Infusing human behavior into epidemiological models is focus of new NSF-supported research projects
August 15, 2022
The U.S. National Science Foundation is investing more than $7.5 million in new research focused on empowering more reliable prediction of the spread of infectious diseases, the effects of mitigation measures and other critical aspects of national health crises. The funding will support eight interdisciplinary research projects aimed at incorporating the complexities of human behavior into epidemiological models.
The science of epidemiology studies the health of groups of people — including the causes and patterns of infectious disease spread — in populations ranging in size from individual neighborhoods to the entire world. Advanced mathematical models are invaluable predictive tools in epidemiology and are widely used by healthcare professionals, decision-makers and leaders. However, the COVID-19 pandemic revealed that current epidemiological models do not adequately account for the human behavioral, social and economic factors that are key to understanding and mitigating a rapidly changing public health crisis.
“The resiliency and health of every community in the U.S. can be strengthened by leveraging the fundamental power of mathematics to better understand behavioral and social dynamics,” says NSF Assistant Director for Mathematical and Physical Sciences Sean L. Jones. “These new projects are bringing together researchers in a multitude of fields, from mathematical biology to social psychology, to unlock the insights that can provide policymakers and others with the most complete predictive models possible.”
“This bold work is based on a simple but ambitious premise: The consequences of pandemics and other public health emergencies can and should be anticipated in advance,” says NSF Assistant Director for Social, Behavioral and Economic Sciences Kellina Craig-Henderson. “The potential value of this innovative research for every American is recognized not just by NSF but also by our incredible research community who has risen to this difficult but vital challenge.”

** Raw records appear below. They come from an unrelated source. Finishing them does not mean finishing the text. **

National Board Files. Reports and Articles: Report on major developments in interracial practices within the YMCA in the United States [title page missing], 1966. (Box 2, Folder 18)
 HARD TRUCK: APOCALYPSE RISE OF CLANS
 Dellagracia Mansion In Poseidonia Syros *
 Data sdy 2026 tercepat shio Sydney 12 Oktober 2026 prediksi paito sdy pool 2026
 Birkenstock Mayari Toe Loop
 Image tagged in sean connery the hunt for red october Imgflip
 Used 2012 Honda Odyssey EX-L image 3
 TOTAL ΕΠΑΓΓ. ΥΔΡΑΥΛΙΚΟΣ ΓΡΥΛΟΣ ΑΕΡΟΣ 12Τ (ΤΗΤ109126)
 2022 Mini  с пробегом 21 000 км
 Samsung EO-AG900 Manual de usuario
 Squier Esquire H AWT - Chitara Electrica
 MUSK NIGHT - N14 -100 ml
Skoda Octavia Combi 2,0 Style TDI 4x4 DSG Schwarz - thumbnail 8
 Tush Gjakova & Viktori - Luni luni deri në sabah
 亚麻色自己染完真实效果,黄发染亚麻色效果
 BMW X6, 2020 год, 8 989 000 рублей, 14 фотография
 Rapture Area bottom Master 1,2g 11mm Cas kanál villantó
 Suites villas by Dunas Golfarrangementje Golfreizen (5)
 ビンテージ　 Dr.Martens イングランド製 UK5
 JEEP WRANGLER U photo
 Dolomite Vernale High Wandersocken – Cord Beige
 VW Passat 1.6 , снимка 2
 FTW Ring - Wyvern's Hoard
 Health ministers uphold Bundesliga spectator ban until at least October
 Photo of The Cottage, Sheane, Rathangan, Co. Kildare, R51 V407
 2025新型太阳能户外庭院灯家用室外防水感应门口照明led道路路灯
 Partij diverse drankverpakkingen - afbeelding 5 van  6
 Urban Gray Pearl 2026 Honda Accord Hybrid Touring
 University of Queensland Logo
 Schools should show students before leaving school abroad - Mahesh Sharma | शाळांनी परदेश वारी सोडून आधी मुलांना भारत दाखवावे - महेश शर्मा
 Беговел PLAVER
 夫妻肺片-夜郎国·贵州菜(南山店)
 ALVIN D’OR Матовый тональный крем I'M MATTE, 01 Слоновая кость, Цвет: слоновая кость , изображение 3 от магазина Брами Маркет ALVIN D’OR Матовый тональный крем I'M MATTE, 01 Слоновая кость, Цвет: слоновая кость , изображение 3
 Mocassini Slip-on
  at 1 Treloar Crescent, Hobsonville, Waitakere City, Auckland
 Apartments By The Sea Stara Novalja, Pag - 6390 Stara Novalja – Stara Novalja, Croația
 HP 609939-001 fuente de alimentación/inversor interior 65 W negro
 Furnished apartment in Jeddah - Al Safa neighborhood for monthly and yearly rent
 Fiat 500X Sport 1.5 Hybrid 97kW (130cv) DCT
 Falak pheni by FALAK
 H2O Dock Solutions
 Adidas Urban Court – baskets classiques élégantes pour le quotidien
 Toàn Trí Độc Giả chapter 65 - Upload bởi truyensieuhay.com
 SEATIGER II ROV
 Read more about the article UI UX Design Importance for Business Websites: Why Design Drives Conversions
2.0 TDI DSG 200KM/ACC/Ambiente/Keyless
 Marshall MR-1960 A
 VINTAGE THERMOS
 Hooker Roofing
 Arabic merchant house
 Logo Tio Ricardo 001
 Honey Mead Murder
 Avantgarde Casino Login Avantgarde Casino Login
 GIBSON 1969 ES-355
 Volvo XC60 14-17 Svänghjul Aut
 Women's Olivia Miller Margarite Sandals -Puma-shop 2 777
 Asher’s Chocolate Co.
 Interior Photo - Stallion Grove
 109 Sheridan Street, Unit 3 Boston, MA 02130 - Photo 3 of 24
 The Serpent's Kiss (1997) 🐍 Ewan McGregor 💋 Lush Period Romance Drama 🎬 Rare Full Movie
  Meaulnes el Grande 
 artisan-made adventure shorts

The eight NSF-supported research projects, led by the institutions below, are administered through NSF’s Mathematical Biology program:
Behavioral heterogeneity and uncertainty in epidemiological models (Cornell University)
Equilibrium, network formation and infectious-disease spread: bridging the divide between mathematical biology and economics (Duke University)
Human behavior-driven mathematical modeling and forecasting of respiratory disease transmission in urban settings (Columbia University) — co-funded by the U.S. Centers for Disease Control and Prevention’s Center for Forecasting and Outbreak Analytics
Inclusion of challenges from social isolation governed by human behavior through transformative research in epidemiological modeling (University of Kansas)
Integrating traditional survey and digital socio-behavioral data into infectious disease models for long-term forecasting (UCLA)
Mathematical formulations of human behavior change in epidemic models (Virginia Tech)
Modeling dynamic disease-behavior feedbacks for improved epidemic prediction and response (Johns Hopkins University)
Understanding and predicting behavioral responses to epidemic risks and control policies: implications for epidemiological models and policy design (University of Wyoming)
The U.S. National Science Foundation propels the nation forward by advancing fundamental research in all fields of science and engineering. NSF supports research and people by providing facilities, instruments and funding to support their ingenuity and sustain the U.S. as a global leader in research and innovation. With a fiscal year 2023 budget of $9.5 billion, NSF funds reach all 50 states through grants to nearly 2,000 colleges, universities and institutions. Each year, NSF receives more than 40,000 competitive proposals and makes about 11,000 new awards. Those awards include support for cooperative research with industry, Arctic and Antarctic research and operations, and U.S. participation in international scientific efforts.